What number of lines in the listing contain "purple"? Answer with that number only.

■ **Study material**:
BEGIN
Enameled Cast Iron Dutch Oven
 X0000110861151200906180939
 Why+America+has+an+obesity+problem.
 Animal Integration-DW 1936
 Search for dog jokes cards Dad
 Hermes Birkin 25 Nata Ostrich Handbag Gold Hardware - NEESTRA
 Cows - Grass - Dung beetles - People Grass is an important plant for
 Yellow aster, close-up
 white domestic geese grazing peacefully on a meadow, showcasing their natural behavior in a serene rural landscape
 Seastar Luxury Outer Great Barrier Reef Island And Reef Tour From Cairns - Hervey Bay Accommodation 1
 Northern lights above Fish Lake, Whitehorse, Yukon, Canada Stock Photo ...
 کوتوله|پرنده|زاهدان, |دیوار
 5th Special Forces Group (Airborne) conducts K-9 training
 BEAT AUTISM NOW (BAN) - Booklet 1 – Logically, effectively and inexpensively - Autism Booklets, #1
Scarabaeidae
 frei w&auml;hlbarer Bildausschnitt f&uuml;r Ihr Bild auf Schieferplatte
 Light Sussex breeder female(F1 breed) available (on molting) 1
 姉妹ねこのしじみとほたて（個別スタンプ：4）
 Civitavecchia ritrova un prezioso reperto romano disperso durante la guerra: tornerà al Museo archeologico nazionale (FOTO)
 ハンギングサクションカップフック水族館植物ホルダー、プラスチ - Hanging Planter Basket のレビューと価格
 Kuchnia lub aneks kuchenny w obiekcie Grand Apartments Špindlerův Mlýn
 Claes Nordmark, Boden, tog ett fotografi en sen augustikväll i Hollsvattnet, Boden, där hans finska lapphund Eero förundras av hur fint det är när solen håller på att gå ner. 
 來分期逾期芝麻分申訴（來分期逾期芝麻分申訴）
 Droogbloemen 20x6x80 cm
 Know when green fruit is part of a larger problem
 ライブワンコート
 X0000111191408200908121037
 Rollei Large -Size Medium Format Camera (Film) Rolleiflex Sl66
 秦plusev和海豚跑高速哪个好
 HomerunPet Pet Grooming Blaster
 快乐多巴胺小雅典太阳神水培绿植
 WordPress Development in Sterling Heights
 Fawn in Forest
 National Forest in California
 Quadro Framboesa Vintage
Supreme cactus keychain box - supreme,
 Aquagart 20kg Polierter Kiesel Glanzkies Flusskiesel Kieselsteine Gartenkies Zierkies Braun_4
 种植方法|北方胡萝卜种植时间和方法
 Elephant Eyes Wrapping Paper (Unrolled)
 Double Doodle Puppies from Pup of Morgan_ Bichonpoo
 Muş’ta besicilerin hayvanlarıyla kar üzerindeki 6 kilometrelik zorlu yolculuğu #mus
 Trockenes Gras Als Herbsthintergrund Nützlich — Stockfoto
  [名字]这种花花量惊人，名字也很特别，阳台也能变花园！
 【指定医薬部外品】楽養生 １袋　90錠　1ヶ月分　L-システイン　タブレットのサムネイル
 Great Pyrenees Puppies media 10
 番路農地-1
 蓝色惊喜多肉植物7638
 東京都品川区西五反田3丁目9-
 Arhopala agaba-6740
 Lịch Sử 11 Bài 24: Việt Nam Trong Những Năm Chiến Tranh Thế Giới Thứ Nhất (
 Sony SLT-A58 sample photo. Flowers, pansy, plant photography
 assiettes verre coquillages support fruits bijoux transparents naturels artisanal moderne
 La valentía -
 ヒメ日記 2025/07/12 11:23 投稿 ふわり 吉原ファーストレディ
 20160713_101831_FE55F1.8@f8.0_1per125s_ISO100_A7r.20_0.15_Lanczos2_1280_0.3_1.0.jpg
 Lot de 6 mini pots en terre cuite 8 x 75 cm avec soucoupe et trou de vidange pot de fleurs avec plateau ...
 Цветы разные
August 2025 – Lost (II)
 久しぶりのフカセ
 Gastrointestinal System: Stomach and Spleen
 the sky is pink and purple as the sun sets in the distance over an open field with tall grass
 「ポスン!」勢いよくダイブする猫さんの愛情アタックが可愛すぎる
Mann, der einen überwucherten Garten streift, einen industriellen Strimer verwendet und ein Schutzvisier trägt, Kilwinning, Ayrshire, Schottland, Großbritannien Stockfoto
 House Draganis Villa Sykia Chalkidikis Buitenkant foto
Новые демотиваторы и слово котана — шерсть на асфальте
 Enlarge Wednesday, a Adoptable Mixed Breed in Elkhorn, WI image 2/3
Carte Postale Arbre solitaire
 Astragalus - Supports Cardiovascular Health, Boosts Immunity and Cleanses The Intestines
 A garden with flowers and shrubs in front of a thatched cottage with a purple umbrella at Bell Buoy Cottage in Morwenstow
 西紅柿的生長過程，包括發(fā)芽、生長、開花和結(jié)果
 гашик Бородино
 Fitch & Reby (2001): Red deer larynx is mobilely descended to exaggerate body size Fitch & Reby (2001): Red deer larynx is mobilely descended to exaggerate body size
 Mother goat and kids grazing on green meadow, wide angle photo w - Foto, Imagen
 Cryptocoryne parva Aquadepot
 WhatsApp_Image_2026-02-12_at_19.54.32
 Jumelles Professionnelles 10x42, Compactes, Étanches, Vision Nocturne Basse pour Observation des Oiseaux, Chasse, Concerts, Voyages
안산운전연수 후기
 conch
END
■ **Exercise answer**:
2